The questions were part of an interview for Hoover’s weekly student-run news show, the NEST, which stands for News Entertainment Student Television. (The title is a nod to the school's mascot, a cardinal.)
Hoover is one of a handful of schools in the district to have a program that simulates a professional TV news experience. Over the last two years, different cohorts have consistently produced the weekly Hoover-centric news show that at times also touches on citywide issues. The 50th episode airs this week.
This semester, a class of 19 students took the helm of the roughly 12-minute show. Dang, a senior, served as the host but said he took on many other roles as well.
“I am the anchor. I write the scripts for the anchor, and I’m also the producer," the 17-year-old said. "I make sure everybody gets their packages done. I also look at our clips, make sure they’re all fine.”
Plus, he interviewed guests for the show's discussion segment, Red Couch Conversations. The sofa, dubbed the “hot seat” by Dang, typically plays host to Hoover personnel, such as athletes, coaches and faculty, but representatives from outside organizations have stopped by, including from a local refugee resettlement agency and the county district attorney’s office.
In addition to the interview segment, a typical episode can include an update on the school’s athletic teams, coverage of campus and local news events, a restaurant review and a few interludes, such as a school event promotion.
The broadcast journalism program launched at Hoover about two years ago after voter-approved bonds helped fund a $2.1 million facility. Instructor John Michener said the news show is a point of pride for a low-performing school that hasn’t always had the best reputation. In its first year, the NEST took home a top county award.
“The goal is for Hoover students to produce something, accomplish something that is worthwhile, makes them feel good at the end of the day, something that they can be proud of,” Michener said. "Something that people from the outside look at and say ‘Wow, this school is doing some amazing work.

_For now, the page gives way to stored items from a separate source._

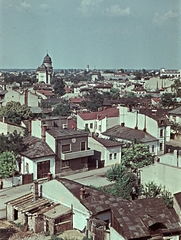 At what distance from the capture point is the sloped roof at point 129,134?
31133mm

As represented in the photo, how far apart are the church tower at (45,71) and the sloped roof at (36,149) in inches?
3379

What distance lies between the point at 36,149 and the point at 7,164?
2.38 meters

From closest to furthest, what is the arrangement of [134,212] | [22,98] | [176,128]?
[134,212] < [176,128] < [22,98]

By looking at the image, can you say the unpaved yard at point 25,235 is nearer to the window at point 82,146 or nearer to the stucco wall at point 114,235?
the stucco wall at point 114,235

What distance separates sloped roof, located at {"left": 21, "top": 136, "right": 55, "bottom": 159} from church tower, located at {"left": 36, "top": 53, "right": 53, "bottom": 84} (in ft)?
282

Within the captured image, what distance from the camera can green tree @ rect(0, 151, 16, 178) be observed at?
24.0 m

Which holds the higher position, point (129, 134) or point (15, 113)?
point (15, 113)

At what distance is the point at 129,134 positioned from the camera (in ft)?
105

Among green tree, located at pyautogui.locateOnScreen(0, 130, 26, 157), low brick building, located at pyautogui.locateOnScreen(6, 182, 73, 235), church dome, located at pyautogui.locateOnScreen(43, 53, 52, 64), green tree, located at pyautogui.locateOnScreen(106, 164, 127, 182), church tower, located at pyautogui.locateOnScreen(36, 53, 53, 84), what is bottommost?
low brick building, located at pyautogui.locateOnScreen(6, 182, 73, 235)

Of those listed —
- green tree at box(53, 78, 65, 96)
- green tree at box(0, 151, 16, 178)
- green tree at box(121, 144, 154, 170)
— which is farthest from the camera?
green tree at box(53, 78, 65, 96)

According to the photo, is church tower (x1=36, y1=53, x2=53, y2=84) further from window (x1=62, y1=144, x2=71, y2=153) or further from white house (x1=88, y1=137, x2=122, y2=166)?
window (x1=62, y1=144, x2=71, y2=153)

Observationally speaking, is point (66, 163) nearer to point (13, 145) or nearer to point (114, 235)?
point (13, 145)

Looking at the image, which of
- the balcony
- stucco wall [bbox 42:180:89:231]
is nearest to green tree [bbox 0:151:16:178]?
the balcony

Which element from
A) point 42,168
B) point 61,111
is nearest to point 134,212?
point 42,168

I just knew them as a bad school,' or something like that."
Each semester, the program offers a new group of students training in media and journalism that few high schoolers get the chance to experience. In December, a NEST reporter interviewed San Diego Mayor Kevin Faulconer. This month, a commercial produced by the students for San Diego Restaurant Week aired on local channels.

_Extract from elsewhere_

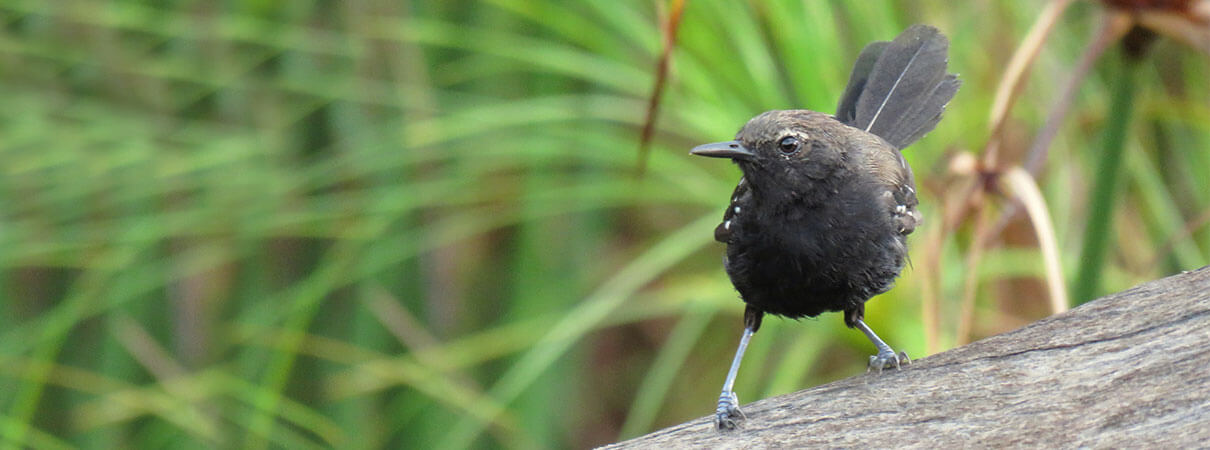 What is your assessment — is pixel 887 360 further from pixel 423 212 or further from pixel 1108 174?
pixel 423 212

“That’s a real-world project, and I don’t know if we would have gotten those opportunities in the past if it wasn’t for the NEST,” Michener said.
For the students’ work, organizers presented Michener with a check for $1,500, which he plans to spend on a drone to use for reporting.
The skills learned in the deadline-driven atmosphere benefit students seeking a career in any field, Michener said. For some, it helps them find new interests, like for volleyball player-turned-NEST sports reporter Kadijat Pouh.
“It’s just something I’ve never done before and watching the news sometimes it’s just like, ‘Wow, how does it get put together?” said Pouh, who now plans to study journalism in college.
The news show typically focuses on positive stories, but isn’t afraid to tackle tough topics. Last January, San Diego County Chief Deputy District Attorney Summer Stephan sat for an interview about human trafficking.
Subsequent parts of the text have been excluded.